Programming Languages and Regex Flavors

This chapter explains how to implement regular expressions with your programming language of choice. The recipes in this chapter assume you already have a working regular expression at your disposal; the previous chapters can help in that regard. Now you face the job of putting a regular expression into your source code and actually making it do something.

We’ve done our best in this chapter to explain exactly how and why each piece of code works the way it does. Because of the level of detail in this chapter, reading it from start to finish may get a bit tedious. If you’re reading Regular Expression Cookbook for the first time, we recommend you skim this chapter to get an idea of what can or needs to be done. Later, when you want to implement one of the regular expressions from the following chapters, come back here to learn exactly how to integrate the regexes with your programming language of choice.

Chapters 4 through 9 use regular expressions to solve real-world problems. Those chapters focus on the regular expressions themselves, and many recipes in those chapters don’t show any source code at all. To make the regular expressions you find in those chapters work, simply plug them into one of the code snippets in this chapter.

Because the other chapters focus on regular expressions, they present their solutions for specific regular expression flavors, rather than for specific programming languages. Regex flavors do not correspond one-on-one with programming languages. Scripting languages tend to have their own regular expression flavor built-in, and other programming languages rely on libraries for regex support. Some libraries are available for multiple languages, while certain languages have multiple libraries available for them.

Many Flavors of Regular Expressions describes all the regular expression flavors covered in this book. Many Flavors of Replacement Text lists the replacement text flavors, used for searching and replacing with a regular expression. All of the programming languages covered in this chapter use one of these flavors.

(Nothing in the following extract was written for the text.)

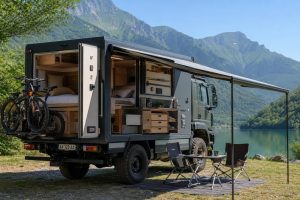 Découvrez tout ce qu'il faut savoir sur le camion camping-car pour des voyages sans compromis, alliant confort, autonomie et liberté sur la route.
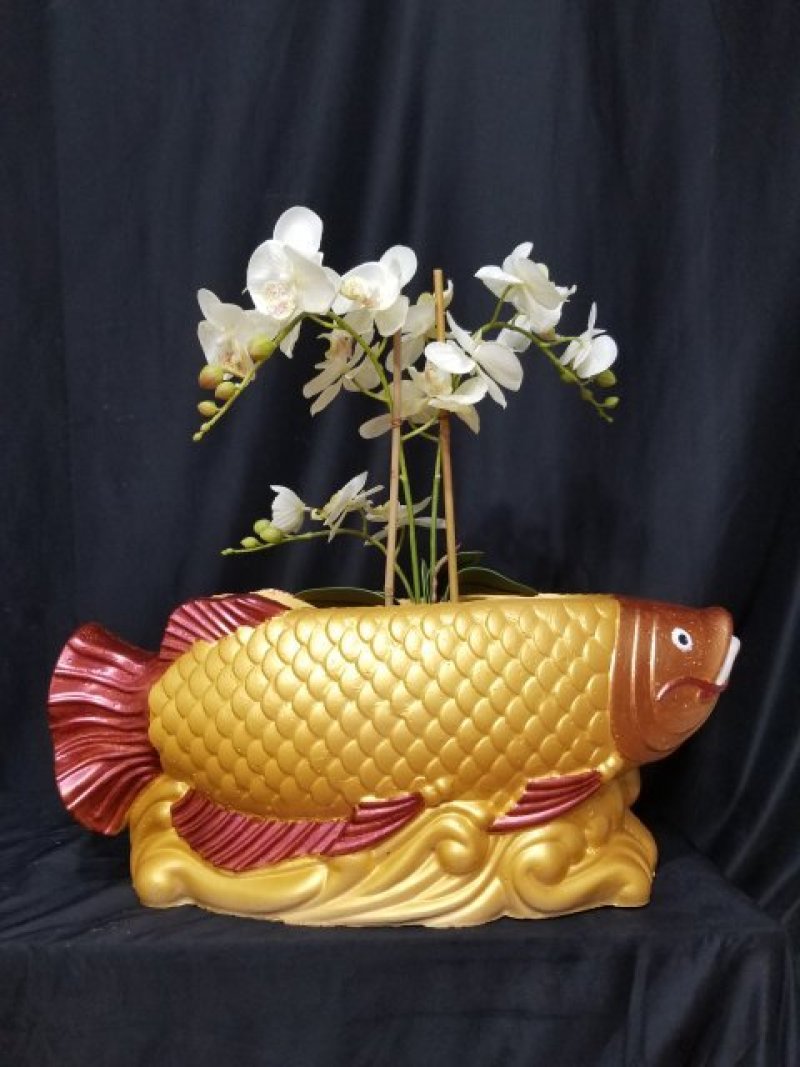 欧式花盆模具，花卉金龙鱼，水泥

Languages Covered in This Chapter

This chapter covers eight programming languages. Each recipe has separate solutions for all eight programming languages, and many recipes also have separate discussions for all eight languages. If a technique applies to more than one language, we repeat it in the discussion for each of those languages. We’ve done this so you can safely skip the discussions of programming languages that you’re not interested in:

C#

C# uses the Microsoft .NET Framework. The System.Text.RegularExpressions classes use the “.NET” regular expression and replacement text flavor. This book covers C# 1.0 through 4.0, or Visual Studio 2002 until Visual Studio 2010.

VB.NET

This book uses VB.NET and Visual Basic.NET to refer to Visual Basic 2002 and later, to distinguish these versions from Visual Basic 6 and earlier. Visual Basic now uses the Microsoft .NET Framework. The System.Text.RegularExpressions classes use the “.NET” regular expression and replacement text flavor. This book covers Visual Basic 2002 until Visual Basic 2010.

Java

Java 4 is the first Java release to provide built-in regular expression support through the java.util.regex package. The java.util.regex package uses the “Java” regular expression and replacement text flavor. This book covers Java 4, 5, 6, and 7.

JavaScript

This is the regex flavor used in the programming language commonly known as JavaScript. All modern web browsers implement it: Internet Explorer (as of version 5.5), Firefox, Opera, Safari, and Chrome. Many other applications also use JavaScript as a scripting language.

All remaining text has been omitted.